Basically, motion sickness of all kinds - car sickness, sea sickness, air sickness, simulator sickness - is caused by input to the brain that doesn't add up. Usually, it's because your view of the world is changing orientation, but your inner ear and proprioceptive senses (the senses that tell you where your body parts are) tell you you're not moving, or at least not moving in the same way as the view. The result is usually nausea, but headaches are quite common as well.
Simulator sickness - which some people called "DOOM Induced Motion Sickness", or DIMS, when it first hit the news - usually comes from perceiving a moving world on your monitor, but not actually moving. Apparently, some people get it only when there's significant lag between control inputs and movement. Some people get it only when the frame rate's low. Some people only get it from games with a view that bobs as you move. Some people even reckon DirectX makes them sick but not OpenGL.
Quite a lot of simulator sickness sufferers seem to get it when they first start playing FPS games, then get over it quickly. Some, like you, don't.
There are things you can try that may help. Basically, you want to give your brain more visual stimuli that tell it you're not moving. If you play in a dark room, light it up; have plenty of obviously stationary visible stuff around the monitor. If you have a huge monitor and/or sit very close to the screen, move back, so the moving image takes up less of your field of view.
There are a couple of papers on simulator sickness here and here, in case you're interested.
Decorative metal
In my quest to pump out as much performance as possible from my system I have been looking at getting video RAM sinks, but remember that the bible states that they would not do much.
Why is this so? Surely having RAM sinks sitting on my video memory with a case fan blowing a breeze over them from outside the box would help me push a few more cycles and put a bigger smile on my face. I am new to overclocking, but cannot see how this couldn't help. I understand it wont let my Radeon 9500 Pro outshine every other card on and off the market, but it should be able to make it a little bit better.
Brett
RAM heat sinks may look great, but they don't do much.
Answer:
RAM sinks would help, a bit. A very little bit. The clock speed ceiling
difference is likely to only be a few per cent, and that'll barely even
add up to anything measurable in any real world test. X per cent more RAM
speed does not give you X per cent more system speed.

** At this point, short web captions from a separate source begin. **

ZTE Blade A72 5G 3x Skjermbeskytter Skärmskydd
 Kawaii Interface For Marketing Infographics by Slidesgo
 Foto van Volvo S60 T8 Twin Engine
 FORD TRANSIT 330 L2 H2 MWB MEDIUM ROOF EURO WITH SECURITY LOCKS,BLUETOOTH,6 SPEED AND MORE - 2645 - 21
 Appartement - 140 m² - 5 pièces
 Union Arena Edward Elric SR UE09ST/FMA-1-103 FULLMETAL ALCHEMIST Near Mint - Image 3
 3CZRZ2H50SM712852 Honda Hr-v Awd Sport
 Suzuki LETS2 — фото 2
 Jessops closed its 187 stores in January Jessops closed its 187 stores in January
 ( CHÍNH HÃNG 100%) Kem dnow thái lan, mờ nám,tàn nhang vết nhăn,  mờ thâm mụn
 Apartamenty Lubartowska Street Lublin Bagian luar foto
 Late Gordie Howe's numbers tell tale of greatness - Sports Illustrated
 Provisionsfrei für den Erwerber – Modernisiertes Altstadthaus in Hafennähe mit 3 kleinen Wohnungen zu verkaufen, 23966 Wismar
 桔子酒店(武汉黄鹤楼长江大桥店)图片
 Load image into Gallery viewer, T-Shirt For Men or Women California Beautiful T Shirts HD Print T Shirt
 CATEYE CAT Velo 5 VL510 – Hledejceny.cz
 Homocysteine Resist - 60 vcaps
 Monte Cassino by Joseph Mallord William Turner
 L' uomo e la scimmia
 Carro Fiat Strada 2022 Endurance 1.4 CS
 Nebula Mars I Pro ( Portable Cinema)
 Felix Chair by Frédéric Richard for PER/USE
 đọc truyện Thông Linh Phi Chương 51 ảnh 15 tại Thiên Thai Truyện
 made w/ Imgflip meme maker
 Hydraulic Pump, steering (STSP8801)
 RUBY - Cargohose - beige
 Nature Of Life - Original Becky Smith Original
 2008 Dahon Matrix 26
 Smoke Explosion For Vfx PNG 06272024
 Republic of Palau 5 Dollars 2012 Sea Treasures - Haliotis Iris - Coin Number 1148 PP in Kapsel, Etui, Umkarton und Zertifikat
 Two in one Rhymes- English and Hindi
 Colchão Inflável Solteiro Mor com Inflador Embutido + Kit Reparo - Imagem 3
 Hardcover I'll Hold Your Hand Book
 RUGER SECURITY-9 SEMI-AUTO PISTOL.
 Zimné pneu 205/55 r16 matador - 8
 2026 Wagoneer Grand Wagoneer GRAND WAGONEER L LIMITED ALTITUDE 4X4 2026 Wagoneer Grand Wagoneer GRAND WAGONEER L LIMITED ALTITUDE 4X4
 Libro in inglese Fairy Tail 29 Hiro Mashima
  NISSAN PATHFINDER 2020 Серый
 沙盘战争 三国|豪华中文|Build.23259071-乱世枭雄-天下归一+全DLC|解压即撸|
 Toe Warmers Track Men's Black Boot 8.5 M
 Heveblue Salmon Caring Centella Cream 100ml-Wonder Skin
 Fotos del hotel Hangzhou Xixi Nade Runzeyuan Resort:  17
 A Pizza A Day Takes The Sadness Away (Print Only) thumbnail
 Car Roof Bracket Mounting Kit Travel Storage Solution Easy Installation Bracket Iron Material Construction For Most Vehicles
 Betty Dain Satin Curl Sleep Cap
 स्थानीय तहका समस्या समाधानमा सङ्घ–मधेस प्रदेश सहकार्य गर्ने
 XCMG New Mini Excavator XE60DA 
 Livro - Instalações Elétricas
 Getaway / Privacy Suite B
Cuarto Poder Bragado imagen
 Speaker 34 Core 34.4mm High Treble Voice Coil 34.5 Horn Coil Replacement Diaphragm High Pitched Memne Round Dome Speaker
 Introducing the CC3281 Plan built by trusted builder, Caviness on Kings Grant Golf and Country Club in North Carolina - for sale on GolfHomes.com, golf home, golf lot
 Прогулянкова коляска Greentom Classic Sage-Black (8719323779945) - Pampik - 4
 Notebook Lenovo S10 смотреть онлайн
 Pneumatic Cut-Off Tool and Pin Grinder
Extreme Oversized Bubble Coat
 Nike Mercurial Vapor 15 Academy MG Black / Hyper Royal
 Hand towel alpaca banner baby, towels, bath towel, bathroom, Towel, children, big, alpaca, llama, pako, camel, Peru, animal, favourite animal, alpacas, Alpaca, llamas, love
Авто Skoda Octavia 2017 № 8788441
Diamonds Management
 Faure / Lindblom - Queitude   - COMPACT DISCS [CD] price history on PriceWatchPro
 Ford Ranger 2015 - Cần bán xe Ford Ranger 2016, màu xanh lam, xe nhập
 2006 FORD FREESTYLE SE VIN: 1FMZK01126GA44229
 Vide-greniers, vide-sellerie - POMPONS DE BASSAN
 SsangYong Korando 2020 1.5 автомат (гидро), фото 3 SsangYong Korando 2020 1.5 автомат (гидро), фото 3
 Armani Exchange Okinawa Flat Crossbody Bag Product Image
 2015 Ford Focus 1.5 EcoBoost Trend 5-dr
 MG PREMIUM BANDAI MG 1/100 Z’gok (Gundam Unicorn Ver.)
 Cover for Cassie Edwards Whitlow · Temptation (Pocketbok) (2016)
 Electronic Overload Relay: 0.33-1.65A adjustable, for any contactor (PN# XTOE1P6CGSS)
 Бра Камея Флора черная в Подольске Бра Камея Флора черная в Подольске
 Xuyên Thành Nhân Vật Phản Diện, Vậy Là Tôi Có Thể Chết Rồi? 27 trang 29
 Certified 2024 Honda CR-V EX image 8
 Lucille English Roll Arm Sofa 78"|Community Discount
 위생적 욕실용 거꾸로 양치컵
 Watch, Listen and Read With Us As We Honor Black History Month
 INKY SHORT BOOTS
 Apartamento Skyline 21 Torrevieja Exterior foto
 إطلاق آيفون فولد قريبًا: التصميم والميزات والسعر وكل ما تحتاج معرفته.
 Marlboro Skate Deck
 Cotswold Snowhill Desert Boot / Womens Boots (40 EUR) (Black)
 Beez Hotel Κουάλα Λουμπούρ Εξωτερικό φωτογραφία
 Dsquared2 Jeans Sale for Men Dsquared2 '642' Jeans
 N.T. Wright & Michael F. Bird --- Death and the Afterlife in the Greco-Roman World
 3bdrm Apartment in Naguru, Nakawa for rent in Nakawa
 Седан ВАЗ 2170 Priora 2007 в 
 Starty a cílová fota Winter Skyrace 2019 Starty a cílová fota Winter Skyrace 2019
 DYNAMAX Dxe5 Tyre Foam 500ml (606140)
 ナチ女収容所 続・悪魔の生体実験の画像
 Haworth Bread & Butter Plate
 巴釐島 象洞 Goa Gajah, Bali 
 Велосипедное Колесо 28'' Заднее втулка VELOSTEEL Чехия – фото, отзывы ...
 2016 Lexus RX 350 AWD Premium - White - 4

Putting RAM sinks on video card memory is more sensible than putting them on system memory, because video RAM is clocked faster and runs hotter. Even high-clocked video card RAM isn't at all likely to manage more than 10% higher clock speeds with heat sinks than it does without, though.
For reference, a quite pessimistic estimate of the heat output from the memory on an 8-DDR-RAM-chip, 128Mb video card that's being heavily used is about seven watts. That's from all of the chips put together; each individual chip will be emitting less than a watt. Possibly a lot less.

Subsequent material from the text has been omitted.